[Data extracted from a collection]
[Start of Attachment]

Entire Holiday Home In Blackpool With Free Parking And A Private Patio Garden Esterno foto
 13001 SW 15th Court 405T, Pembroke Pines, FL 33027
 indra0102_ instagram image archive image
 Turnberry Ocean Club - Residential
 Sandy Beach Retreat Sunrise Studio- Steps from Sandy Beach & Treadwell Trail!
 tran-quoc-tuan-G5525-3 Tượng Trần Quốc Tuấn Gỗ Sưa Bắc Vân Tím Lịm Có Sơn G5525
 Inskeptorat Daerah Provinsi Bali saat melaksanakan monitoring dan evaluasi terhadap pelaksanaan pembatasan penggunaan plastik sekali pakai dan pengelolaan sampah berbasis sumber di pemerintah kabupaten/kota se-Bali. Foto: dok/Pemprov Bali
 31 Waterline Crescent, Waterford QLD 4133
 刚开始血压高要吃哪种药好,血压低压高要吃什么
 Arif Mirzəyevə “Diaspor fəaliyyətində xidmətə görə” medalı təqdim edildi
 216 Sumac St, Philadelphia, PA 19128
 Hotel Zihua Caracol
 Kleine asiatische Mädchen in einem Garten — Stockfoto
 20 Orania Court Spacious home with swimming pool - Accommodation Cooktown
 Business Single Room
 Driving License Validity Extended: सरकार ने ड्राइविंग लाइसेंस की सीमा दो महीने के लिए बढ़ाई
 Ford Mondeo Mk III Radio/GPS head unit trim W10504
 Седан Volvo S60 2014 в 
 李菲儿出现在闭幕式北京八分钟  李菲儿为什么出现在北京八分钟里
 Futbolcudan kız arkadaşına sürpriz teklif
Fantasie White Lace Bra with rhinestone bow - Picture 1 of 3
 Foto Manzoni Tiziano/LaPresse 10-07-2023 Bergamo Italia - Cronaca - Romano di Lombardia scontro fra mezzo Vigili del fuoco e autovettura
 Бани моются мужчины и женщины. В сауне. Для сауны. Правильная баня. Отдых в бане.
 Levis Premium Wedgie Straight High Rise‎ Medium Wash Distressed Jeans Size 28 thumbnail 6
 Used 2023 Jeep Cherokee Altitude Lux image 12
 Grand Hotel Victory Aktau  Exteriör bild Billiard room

[End of Attachment]

● AIM OF THE EXERCISE
Your answer should consist only of the lines above between the line holding "刚开始血压高要吃哪种药好,血压低压高要吃什么" and the line holding "Бани моются мужчины", inclusive, each transcribed exactly.

● PROBLEM SOLUTION
 刚开始血压高要吃哪种药好,血压低压高要吃什么
 Arif Mirzəyevə “Diaspor fəaliyyətində xidmətə görə” medalı təqdim edildi
 216 Sumac St, Philadelphia, PA 19128
 Hotel Zihua Caracol
 Kleine asiatische Mädchen in einem Garten — Stockfoto
 20 Orania Court Spacious home with swimming pool - Accommodation Cooktown
 Business Single Room
 Driving License Validity Extended: सरकार ने ड्राइविंग लाइसेंस की सीमा दो महीने के लिए बढ़ाई
 Ford Mondeo Mk III Radio/GPS head unit trim W10504
 Седан Volvo S60 2014 в 
 李菲儿出现在闭幕式北京八分钟  李菲儿为什么出现在北京八分钟里
 Futbolcudan kız arkadaşına sürpriz teklif
Fantasie White Lace Bra with rhinestone bow - Picture 1 of 3
 Foto Manzoni Tiziano/LaPresse 10-07-2023 Bergamo Italia - Cronaca - Romano di Lombardia scontro fra mezzo Vigili del fuoco e autovettura
 Бани моются мужчины и женщины. В сауне. Для сауны. Правильная баня. Отдых в бане.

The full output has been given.